PORTFOLIO ACTIVITY: 1Q 2013

Over the quarter, we reduced the weight in financials and consumer discretionary modestly, by exiting or trimming several strong performers (e.g. H&R Block, State Street, MetLife).  The largest sector increase was in healthcare, where we added some attractively valued managed care companies with strong competitive positioning within the industry (e.g. UnitedHealth Group, Aetna).

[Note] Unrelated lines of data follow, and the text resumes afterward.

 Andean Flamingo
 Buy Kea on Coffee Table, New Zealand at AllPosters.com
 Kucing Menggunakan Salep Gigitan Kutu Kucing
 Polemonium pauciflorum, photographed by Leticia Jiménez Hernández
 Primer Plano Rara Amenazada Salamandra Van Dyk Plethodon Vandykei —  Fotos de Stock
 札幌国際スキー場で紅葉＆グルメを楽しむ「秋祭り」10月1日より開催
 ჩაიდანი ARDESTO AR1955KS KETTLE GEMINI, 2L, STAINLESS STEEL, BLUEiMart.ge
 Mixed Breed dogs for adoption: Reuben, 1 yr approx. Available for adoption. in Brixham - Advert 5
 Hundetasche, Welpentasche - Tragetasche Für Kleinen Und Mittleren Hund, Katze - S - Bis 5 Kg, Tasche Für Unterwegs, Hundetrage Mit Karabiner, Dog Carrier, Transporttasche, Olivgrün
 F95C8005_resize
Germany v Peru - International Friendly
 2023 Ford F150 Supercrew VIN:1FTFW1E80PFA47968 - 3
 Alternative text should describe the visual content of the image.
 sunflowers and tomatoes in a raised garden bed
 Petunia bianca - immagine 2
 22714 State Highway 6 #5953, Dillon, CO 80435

Composite performance for the strategy is located on the Performance tab. Portfolio attribution is based on a representative Large Cap Fundamental Value portfolio. Certain client portfolio(s) may or may not hold the securities discussed due to the account’s guideline restrictions, cash flow, tax and other relevant considerations. Equity performance attribution is an analysis of the portfolio's return relative to a selected benchmark and is calculated using daily holding information.  Returns calculated using this buy-and-hold methodology can differ from actual portfolio returns due to intraday trades, cash flows, corporate actions, accrued/miscellaneous income, and trade price and closing price difference of any given security. Securities identified do not represent all of the securities purchased, sold, or recommended for advisory clients, and are not indicative of current or future holdings or trading activity.  H&W has no obligation to disclose purchases or sales of these securities.  No assurance is made that any securities identified, or all investment decisions by H&W were, or will be profitable.  Quarterly characteristics and portfolio holdings are available on the Characteristics and Communications tabs (subject to the firm’s portfolio holdings disclosure policy).

The commentary is for information purposes only and should not be considered as investment advice or a recommendation of any particular security, strategy or investment product.  Portfolio managers’ opinions and data included in this commentary are as of March 31, 2013 and are subject to change without notice.  Any forecasts made cannot be guaranteed.  Information obtained from independent sources is considered reliable, but H&W cannot guarantee its accuracy or completeness.  Investing in value stocks presents the risk that value stocks may fall out of favor with investors and underperform growth stocks during given periods. All investments contain risk and may lose value.

Past performance is no guarantee of future results.